Intruder hedges are (mixed) hedges that are planted for the purpose of deterring unwanted visitors. These uninvited guests can be either people or animals. A mixed intruder hedge can be made up of a number of hedging shrub or tree varieties. It is perfectly possible to design your own intruder hedge, as there are multiple ways to go about composing a hedge that is capable of warding off intruders. However, you do not even need to combine several species in order to grow a decent intruder hedge, as many hedging plants are completely impenetrable all by themselves. Most of these plants have thorny branches that are sure to scare off anyone considering entering your garden, while some of them have a growth habit that is so dense, that it is impossible for any intruder to make their way through.
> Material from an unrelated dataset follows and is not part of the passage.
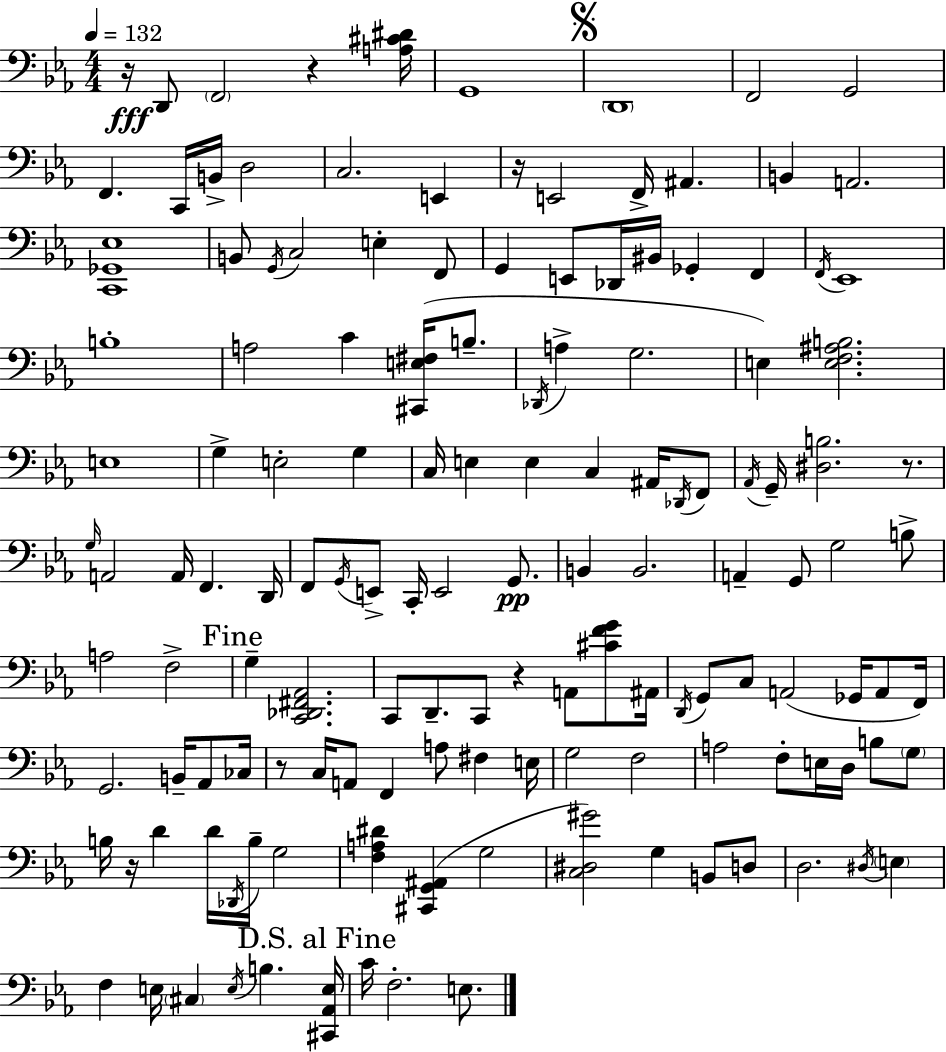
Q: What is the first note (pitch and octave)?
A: D2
Other hedging plants have a more open growth habit, no thorns and will not grow particularly tall. Though some of these may still make an excellent component of a mixed intruder hedge, it stands to reason that they generally do not make good intruder hedges on their own. A proper intruder hedge preferably features thorny branches and a compact growth habit. Contrary to what some people may be expecting, height is not as crucial a factor for an intruder hedge. As long as the single species hedge or the mixed hedge grows tall enough so that nothing or no one can jump over it – this applies to both animal and human intruders – it should make a decent intruder hedge.
Effective Intruder Hedges
Although the demand for ornamental hedges has increased in recent centuries, protecting everything on the inside of the hedge from whatever is going on outside of it is really the traditional purpose of hedging. In fact, one can rightfully state that the first hedges that were planted over 5,000 years ago were security hedges, as they were established in order to protect cereal crops grown on farmsteads from being stolen by people or animals from outside. As the centuries passed and people got wealthier, the demand for aesthetically pleasing hedges increased, though the element of ensuring the privacy of the garden owner and keeping intruders out always kept its significance. Especially in the countryside, intruder hedges remained popular, but they are also an effective way to keep burglars from entering your house.
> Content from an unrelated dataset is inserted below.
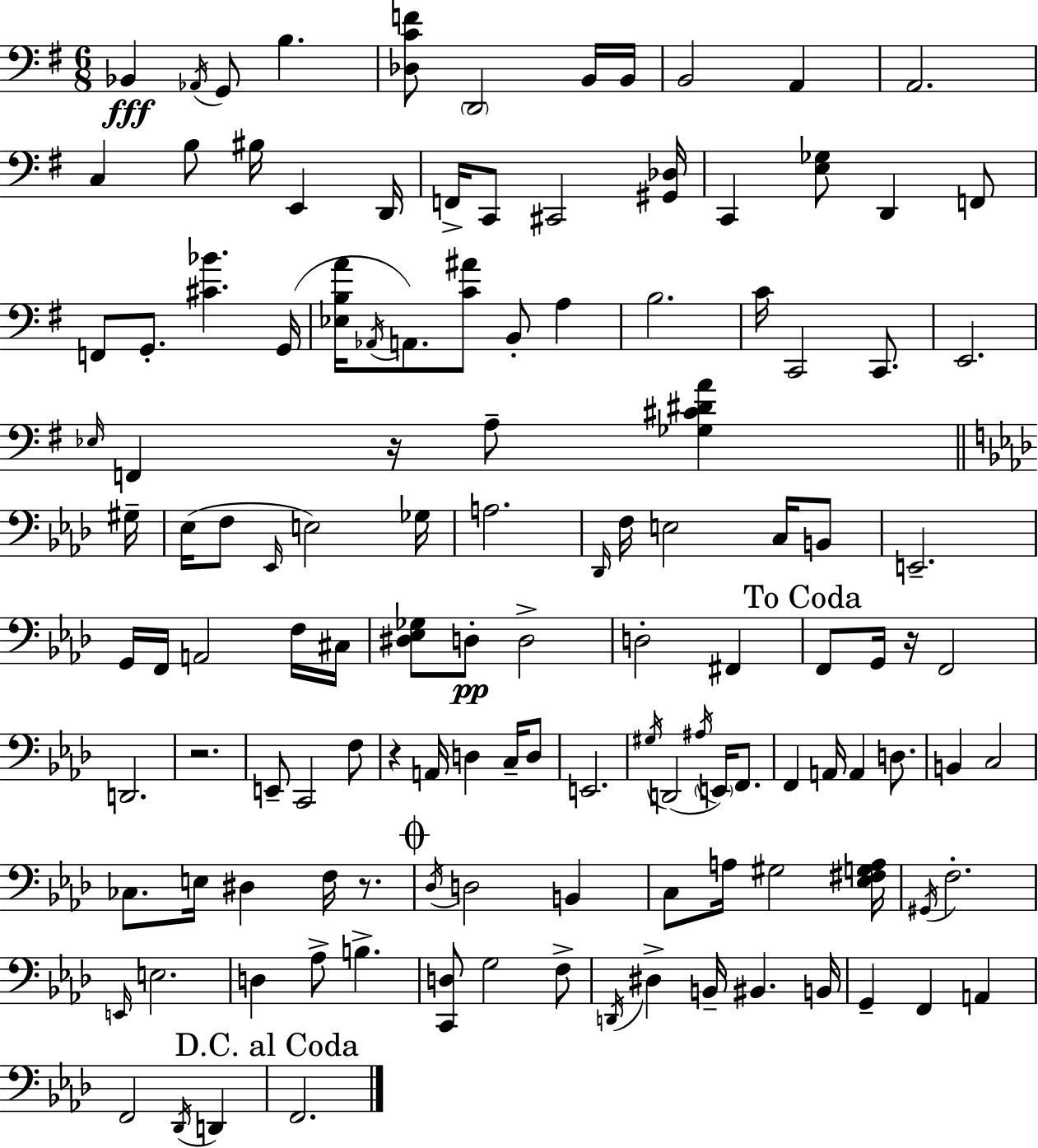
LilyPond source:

If you are looking for a wonderful mixed intruder hedge, you could consider combining Japanese barberry, hawthorn, blackthorn and rosa rugosa. This combination of hedging plants will essentially create an impregnable fortress, providing year-round protection and screening in the spring and summer, as all of these species are deciduous hedging plants and will therefore shed their leaves during the colder months. This does not mean that this mixed hedge is less likely to ward off intruders in the winter, as its vicious thorns will scare off anything that breathes, with the exception of birds. Many species of birds enjoy eating the berries that these hedging plants produce. Even insects will profit from this intruder hedge, as the berries are preceded by attractive flowers each year.
Multi-purpose Security Hedges
The aforementioned mixed hedge is the ideal combination of home and wildlife protection, while adding much more interest than a relatively dull artificial fence or wall. This proves that choosing an intruder hedge does not necessarily mean settling for a hedge that is not aesthetically pleasing. In fact, many of the varieties commonly used for intruder hedging are deciduous hedging plants that will produce colourful flowers and fruits that will add seasonal interest to any garden. The birds and pollinating insects that are attracted by these berries and flowers will certainly make your garden look even more colourful and lively than the flowers already would have done by themselves. Therefore, an intruder hedge can be every bit as multifaceted as a mixed flowering hedge.
If you are looking to create your own mixed intruder hedge, be sure to pay attention to the soil type, position and maintenance requirements of the hedge plants you intend to use. As most of the species used in mixed intruder hedges are deciduous hedging plants that, as a single species hedge, are to create informal hedges, they generally do not need to be pruned very frequently. In fact, for some of the varieties used in mixed intruder hedges, no pruning is even necessary at all. However, it is beneficial to the health of any hedging plant to remove any diseased or dead branches on a yearly basis. This will still emphasise the wild, natural growth habit of the plants and it will certainly not make your hedge any less unwelcoming for intruders.
Intruder Hedges with Wildlife Value
If the main purpose of your hedge is to keep human and animal intruders out of your garden, a mixed intruder hedge will be the right choice for your garden. These hedges are still favoured in the countryside, but even if you live in the city, a mixed intruder hedge with a dense, compact growth habit and thorny branches is an excellent way to discourage burglars and other uninvited guests from entering your house. This does not mean that mixed intruder hedges have no ornamental value, however, as many of the hedging plants used for this type of hedges are deciduous varieties with striking flowers and berries that will add seasonal interest and wildlife value to your garden. In a way, a mixed intruder hedge is truly the best of both worlds.